Someone across from me had Milaneza, a platter of bistek, pounded and breaded and served with frijoles, cebollas, and delicate homemade potato chips.

After lunch, I strolled around town. I was struck by the cleanliness and sense of order that prevails in Tequisquiapan. Purple bougainvillea tumbles down well-kept walls, hinting at the well-kept gardens behind them.

Seeing the Sights
A mosaic of small, irregular, interlocking stone blocks pave Tequisquiapan's narrow streets, which lead to the central square, the Plaza Civica. Traffic is closed a block or two from it creating a pedestrian zone. And there's no litter despite the large number of hotels, restaurants and tourist shops that stand in two rings around the square. This makes strolling a pleasant experience any time of day.

Portales, or arcades, line three sides of the Plaza Civica crowned by the pink and white 19th-century Parish Church of Santa Maria Magdelena with its single, squat, bell-tower on the fourth. Spanish missionaries said the town's first mass under the giant mesquite tree next to it.

The fragrance of herbs drew me to Hierberia "Xochpila." Here I found herbs for every sickness. I sat at a square-side table at K'Pucchinos next door to have a cappuccino and pastel, a delicious chocolate cake smothered with fresh strawberries. A flute and guitar player wandered up, but suddenly the ringing of church bells announcing a wedding at the parish church, drowned out their tune.

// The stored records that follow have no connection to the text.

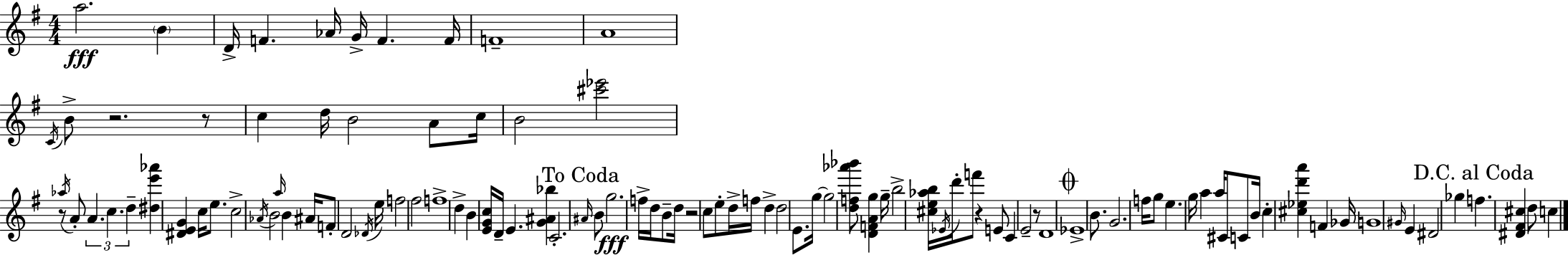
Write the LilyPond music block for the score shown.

{
  \clef treble
  \numericTimeSignature
  \time 4/4
  \key g \major
  a''2.\fff \parenthesize b'4 | d'16-> f'4. aes'16 g'16-> f'4. f'16 | f'1-- | a'1 | \break \acciaccatura { c'16 } b'8-> r2. r8 | c''4 d''16 b'2 a'8 | c''16 b'2 <cis''' ees'''>2 | r8 \acciaccatura { aes''16 } a'8-. \tuplet 3/2 { a'4. c''4. | \break d''4-- } <dis'' e''' aes'''>4 <dis' e' g'>4 c''16 e''8. | c''2-> \acciaccatura { aes'16 } b'2 | \grace { a''16 } b'4 ais'16 f'8-. d'2 | \acciaccatura { des'16 } e''16 f''2 fis''2 | \break f''1-> | d''4-> b'4 <e' g' c''>16 d'16-- e'4. | <g' ais' bes''>4 c'2.-. | \mark "To Coda" \grace { ais'16 } b'8 g''2.\fff | \break f''16-> d''16 b'8-- d''16 r2 | c''8 e''8-. d''16-> f''16 d''4-> d''2 | e'8. g''16~~ g''2 <d'' f'' aes''' bes'''>8 | <d' f' a' g''>4 g''16-- b''2-> <cis'' e'' aes'' b''>16 \acciaccatura { ees'16 } | \break d'''16-. f'''8 r4 e'8 c'4 e'2-- | r8 d'1 | \mark \markup { \musicglyph "scripts.coda" } ees'1-> | b'8. g'2. | \break f''16 g''8 e''4. g''16 | a''4 a''16 cis'8 c'8 b'16 c''4-. <cis'' ees'' d''' a'''>4 | f'4 ges'16 g'1 | \grace { gis'16 } e'4 dis'2 | \break ges''4 \mark "D.C. al Coda" f''4. <dis' fis' cis''>4 | d''8 c''4 \bar "|."
}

Tequisquiapan is a place to unwind, to relax, to forget about the hustle and bustle of life. People who go to Tequisquiapan looking to do something, invariably leave disappointed, for there's nothing to do there. Those who go looking for a tranquil and satisfying respite from their busy lives leave, just as invariably, restored and refreshed, and satisfyingly full.